SUPPLIED MATERIAL:
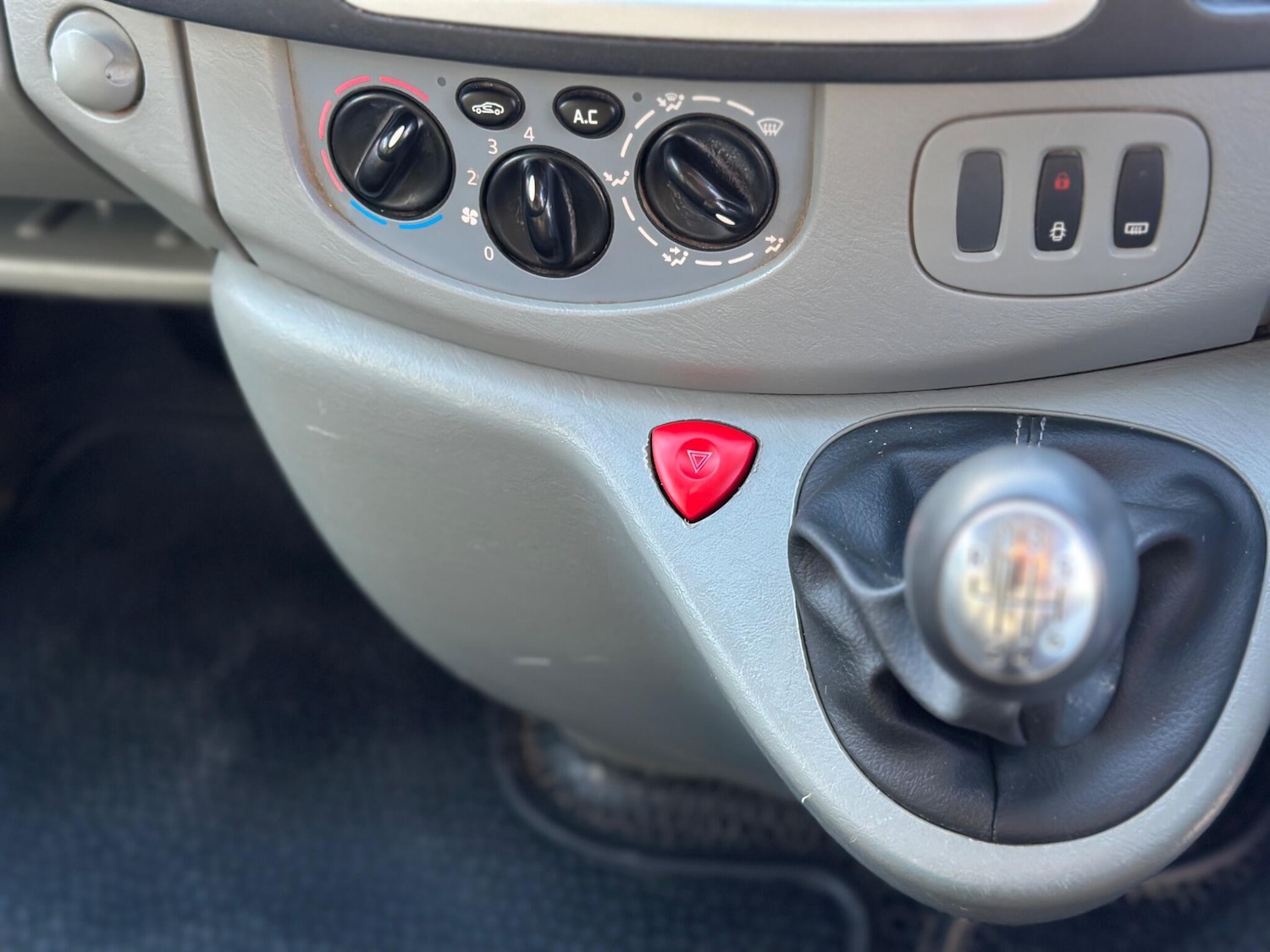 Used Vauxhall Vivaro for sale - 77683929: Photo 42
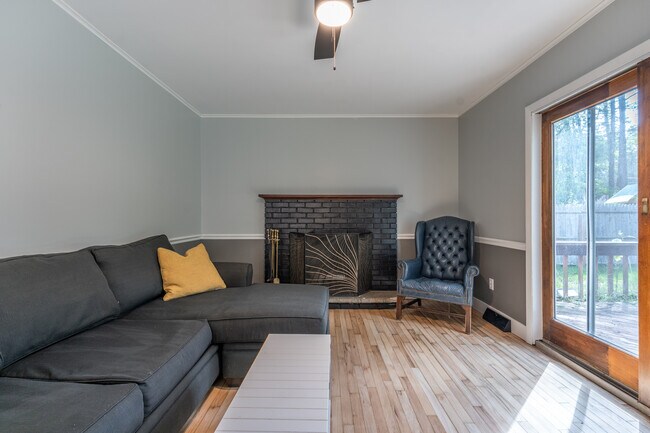 Building Photo - 3 Heather Ln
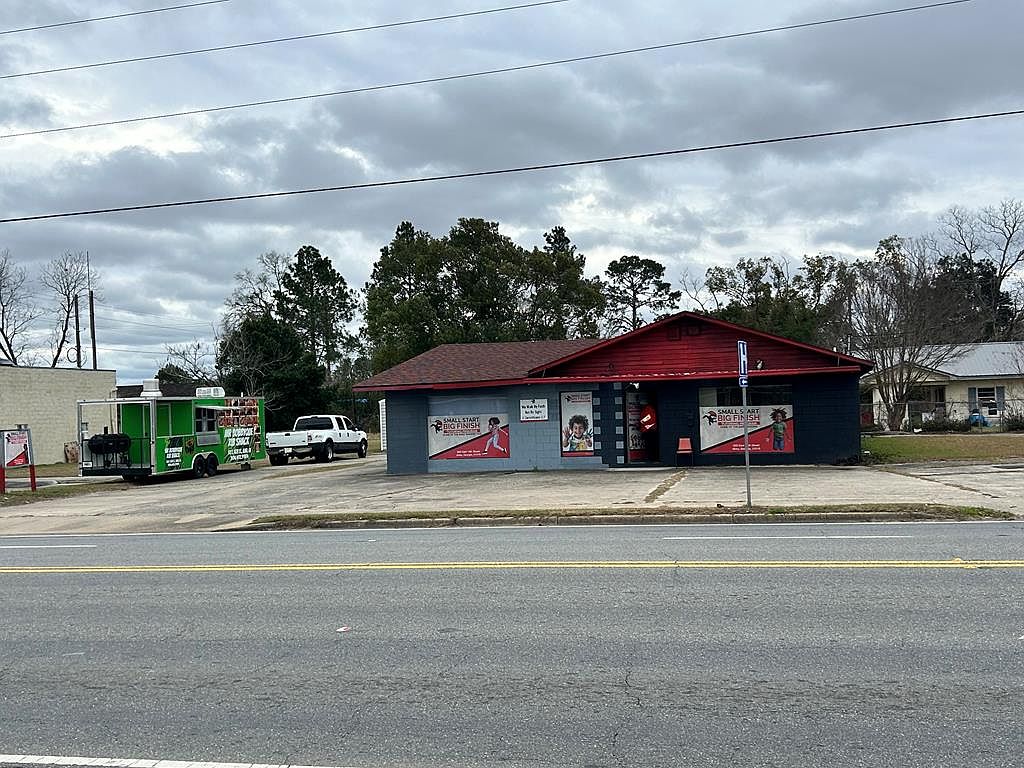205 E 16th St, Alma, GA 31510 | MLS #22999 | Zillow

TASK REQUIREMENTS:
Give back exactly the lines from the one containing "Building Photo - 3 Heather Ln" through the last line above, both included, and none of the pictures.

RESULT OF THE EXERCISE:
 Building Photo - 3 Heather Ln
205 E 16th St, Alma, GA 31510 | MLS #22999 | Zillow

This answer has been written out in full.